Try downloading compressed versions of remote ontologies
Whenever the user declares they want to import a foreign ontology (say, ro):
import_group:
products:
- id: ro
the generated mirroring code should first try to download http://purl.obolibrary.org/obo/ro.owl.gz, and then fallback to http://purl.obolibrary.org/obo/ro.owl if we get a 404.
This would in effect make the use_gzipped option redundant (it would be as if this option was always on by default – except for the fact that currently this option does not include the fallback behaviour).
Open to discussion about what we should do when the user explicitly provides a mirror_from URL:
import_group:
products:
- id: ro
mirror_from: https://example.org/my/custom/mirroring/site/ro.owl
For now I am inclined to say that we should not try to mess with any explicitly provided URL (so, we do not try to append .gz)

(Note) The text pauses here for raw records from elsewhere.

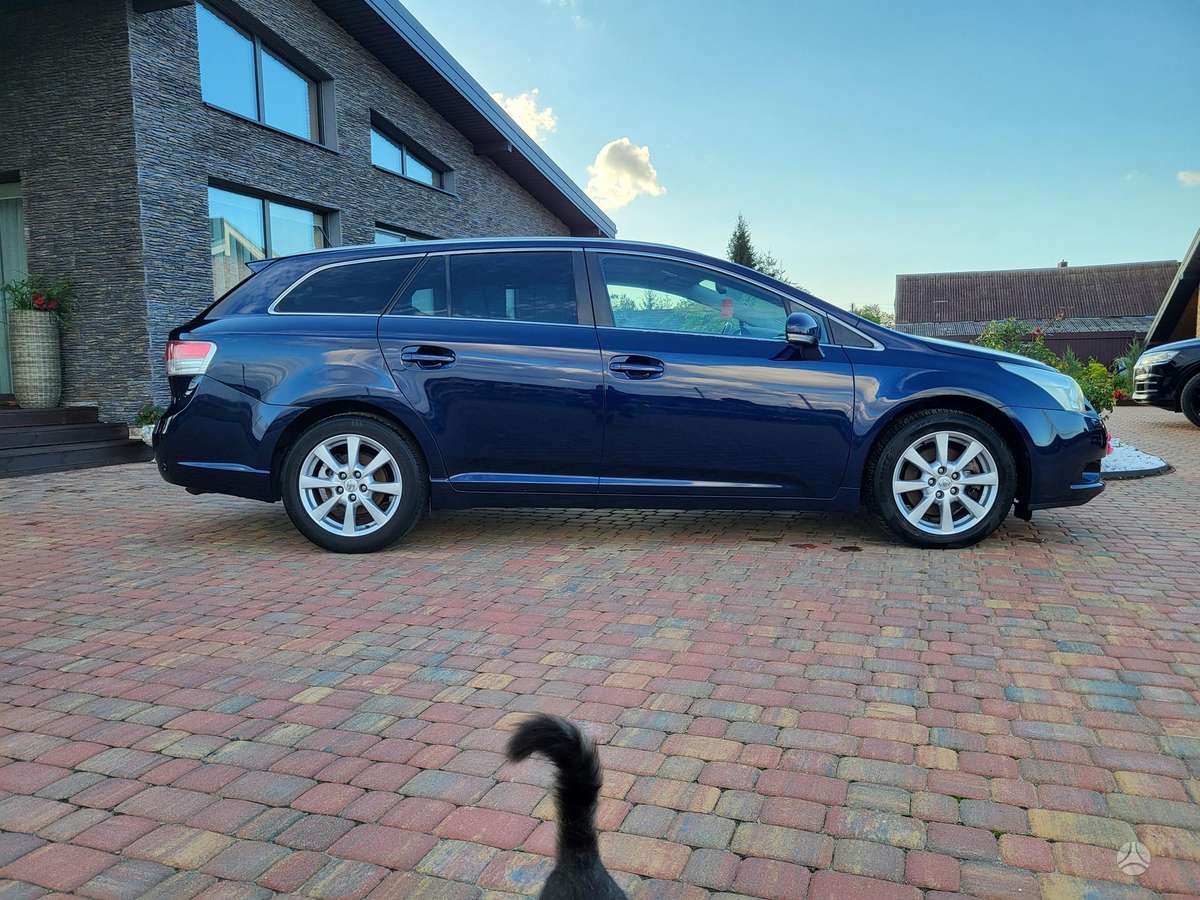 Toyota Avensis 2010 — photo 6
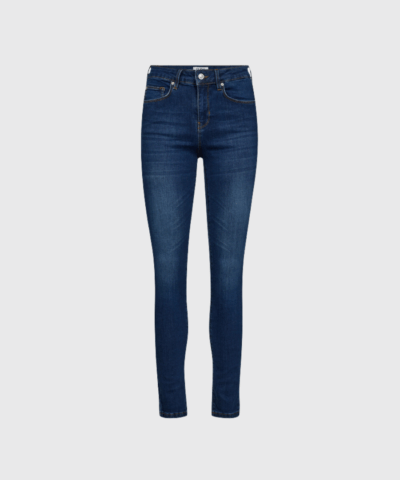 Er du på udkig efter moderne jeans med bæredygtige materialer og perfekt pasform? Alexa Earth Jeans fra IVY Copenhagen kombinerer stil og ansvarlighed. Med skinny fit, mid waist og ankellængde får du et par jeans, der fremhæver figuren og passer til enhver lejlighed. Vasken Cayenne giver et varmt og trendy udtryk, og den bløde kvalitet sikrer komfort hele dagen. Et must-have i enhver garderobe.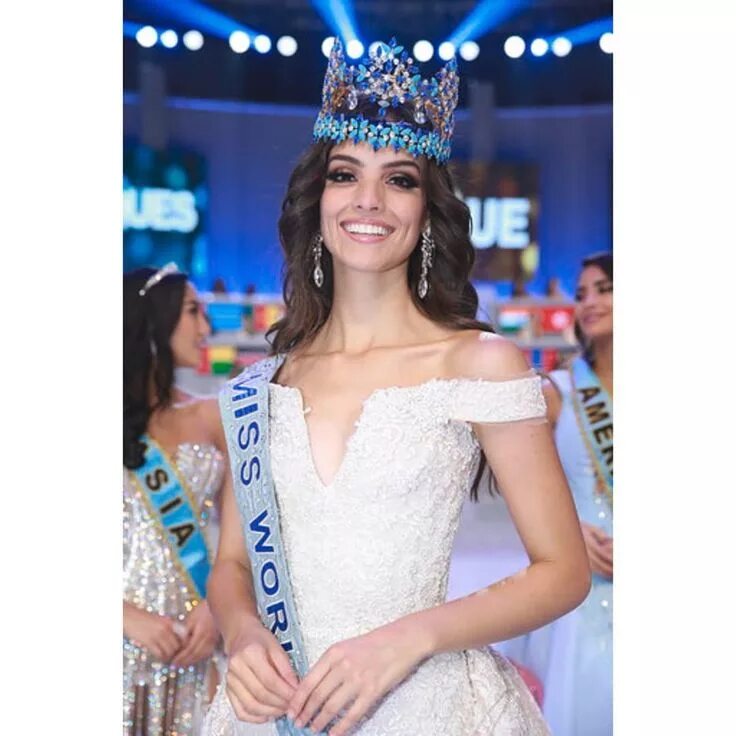 А мис ю. Мисс вселенная 2018 победительница.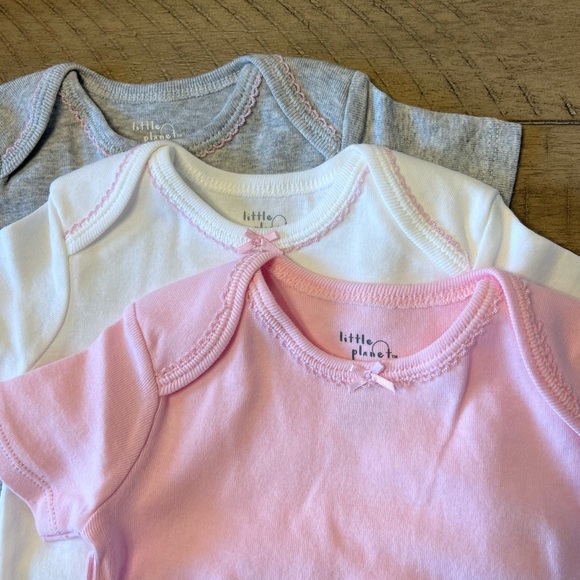 Carter’s organic cotton onesie bundle - new with tag!- white, gray, pink onesies - Picture 2 of 4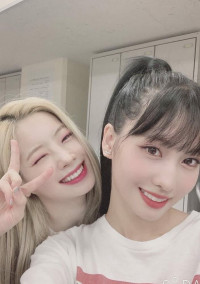 TWICE歌詞
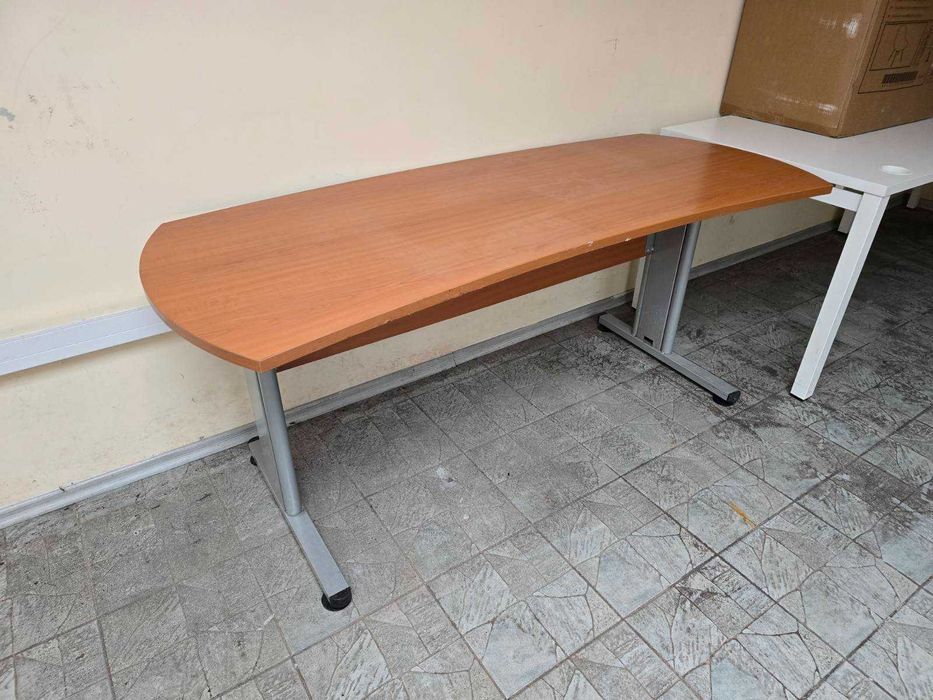 Бюро / Конферентна маса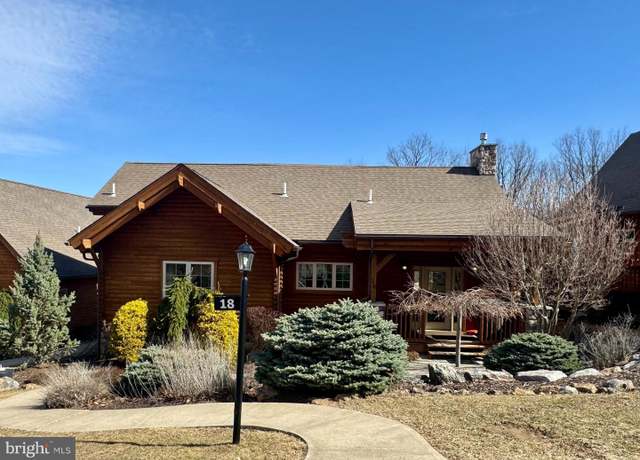 Property at 18 Sugarloaf Ln, Hazleton, PA 18202, 5 beds, 3.5 baths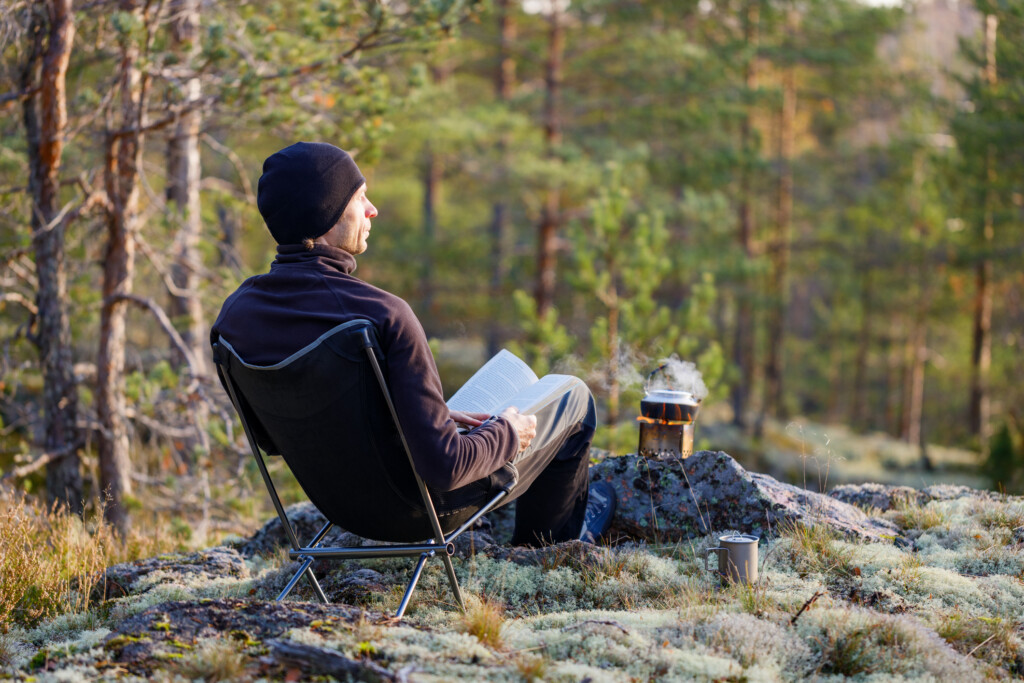 Person läser bok i naturen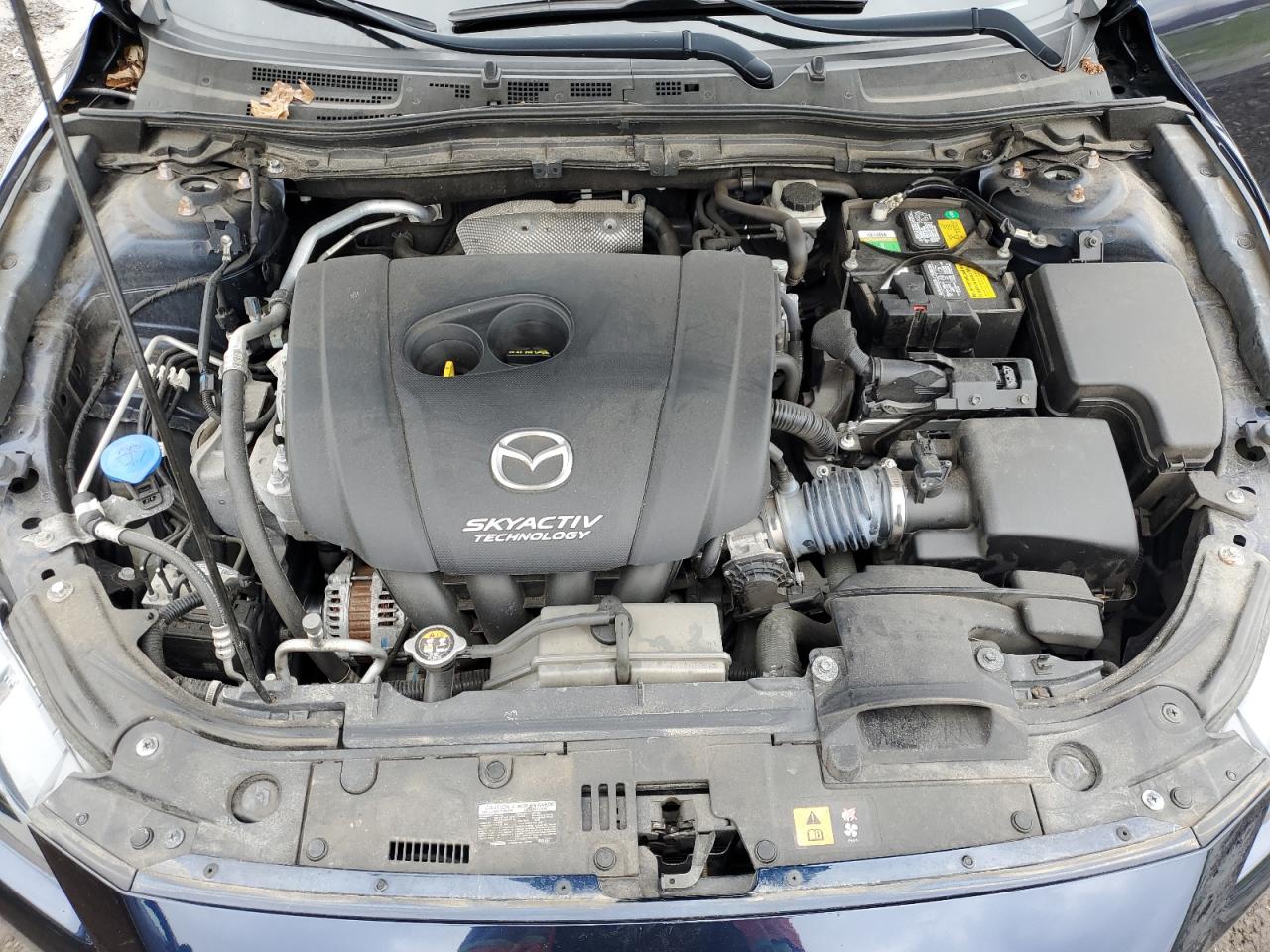 Photo 10 VIN: 3MZBN1V32JM168690 - MAZDA 3 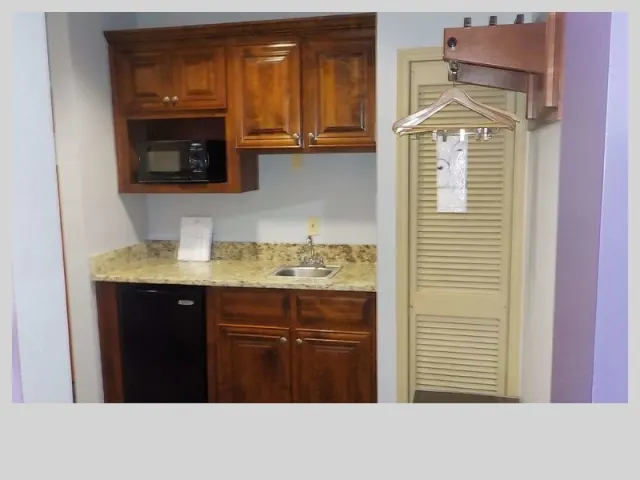 SureStay Plus Hotel by Best Western Warner Robins AFB - photo 3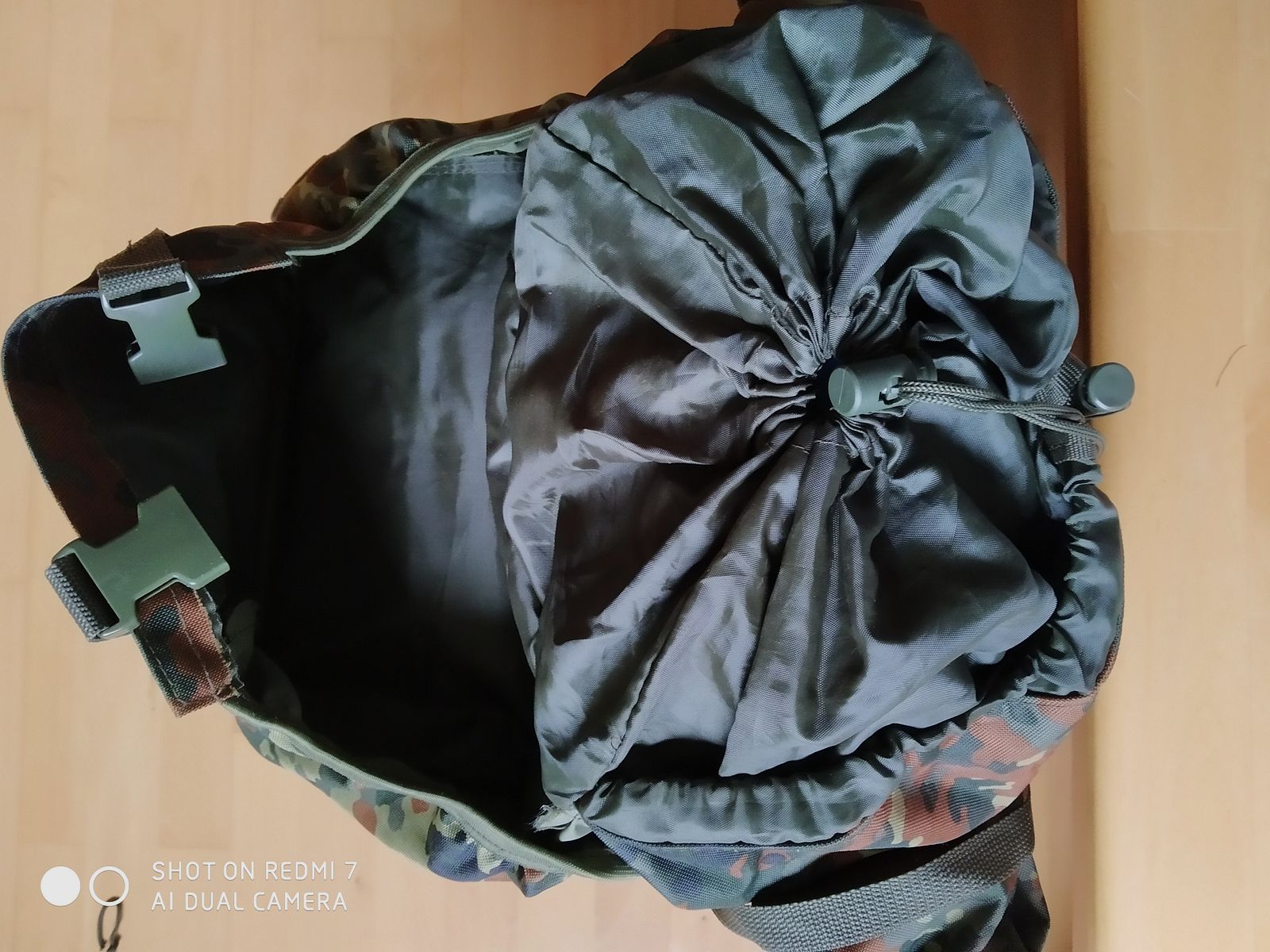 Imitat BW - Kampfrucksack, Volumen 65 l, Flecktarn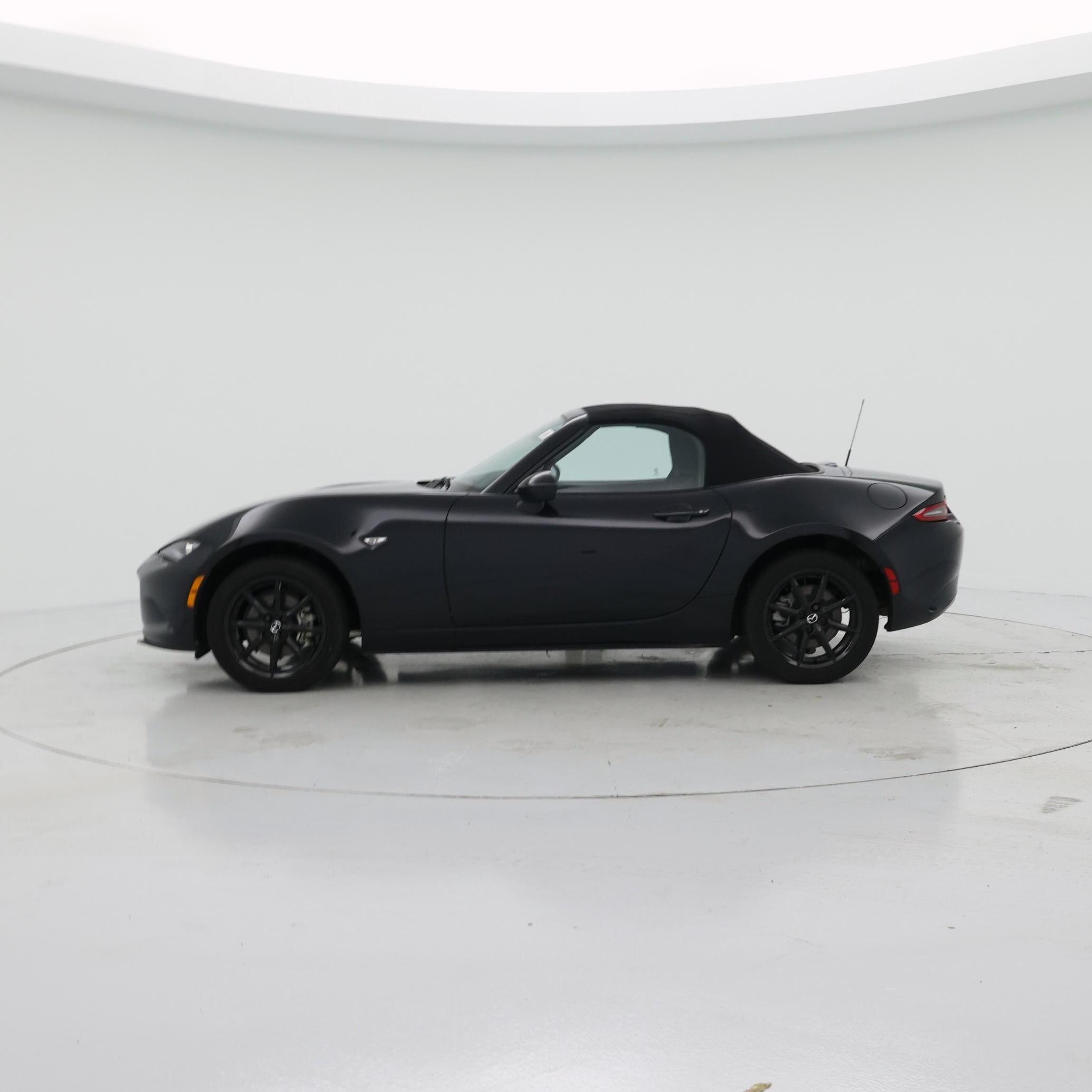 Thumbnail: 2025 Mazda MX-5 Miata - 3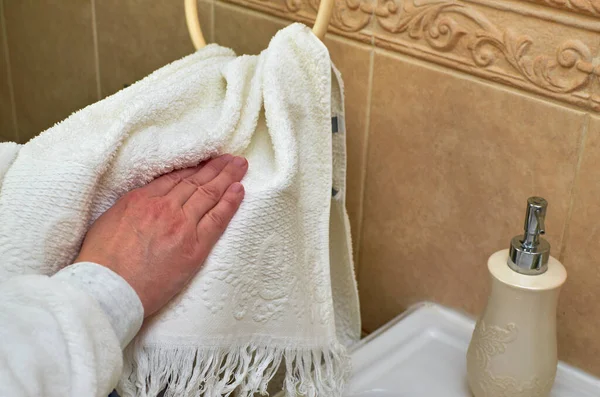 화장실에서 세탁을 말리기 수건을 사용하는 — 스톡 사진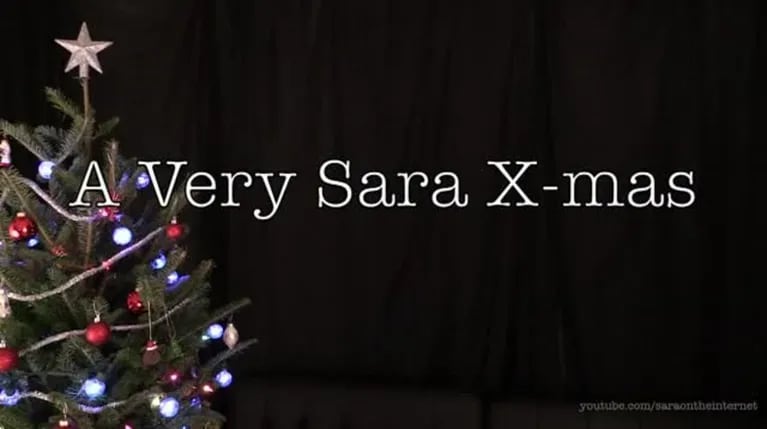¡Sexy Navidad! Una modelo mueve sus pechos al ritmo de Jingle Bells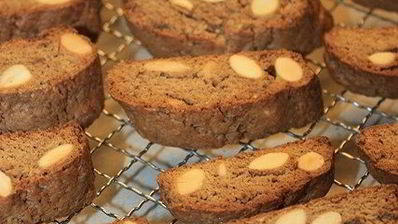 кантуччи с эспрессо и марципаном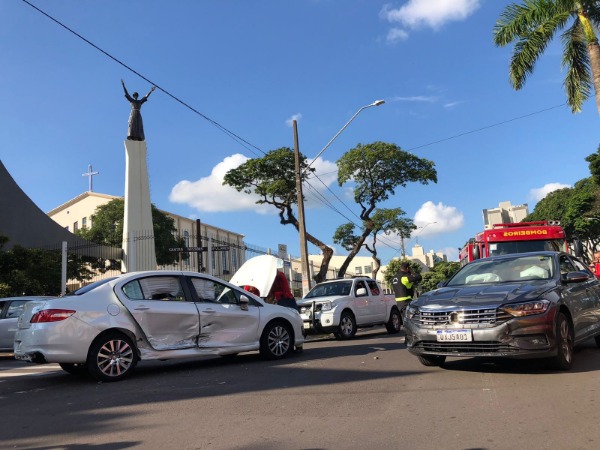 Jornal Ilustrado - Acidente entre dois carros deixa três vítimas na avenida Maringá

We should check with @jamesaoverton but I am not entirely sure if http://purl.obolibrary.org/obo/ro.owl.gz is allowed by the OBO purl system or if it has to be http://purl.obolibrary.org/obo/ro/ro.owl.gz. Would be good if appending .gz was the only think that is needed.
I like what you are proposing!
RO (and any other project) would have to opt-in by adding an ro.owl.gz entry to the products list: https://github.com/OBOFoundry/purl.obolibrary.org/blob/master/config/ro.yml#L8
The PURL code might warn about not liking the "owl.gz" extension, but we can tweak that.
And we can have a wider discussion about policy for providing compressed artifacts. A decade ago we figured that clients and servers would transparently compress data during transfer, and we weren't worried about storage, but our ontology files continue to get larger.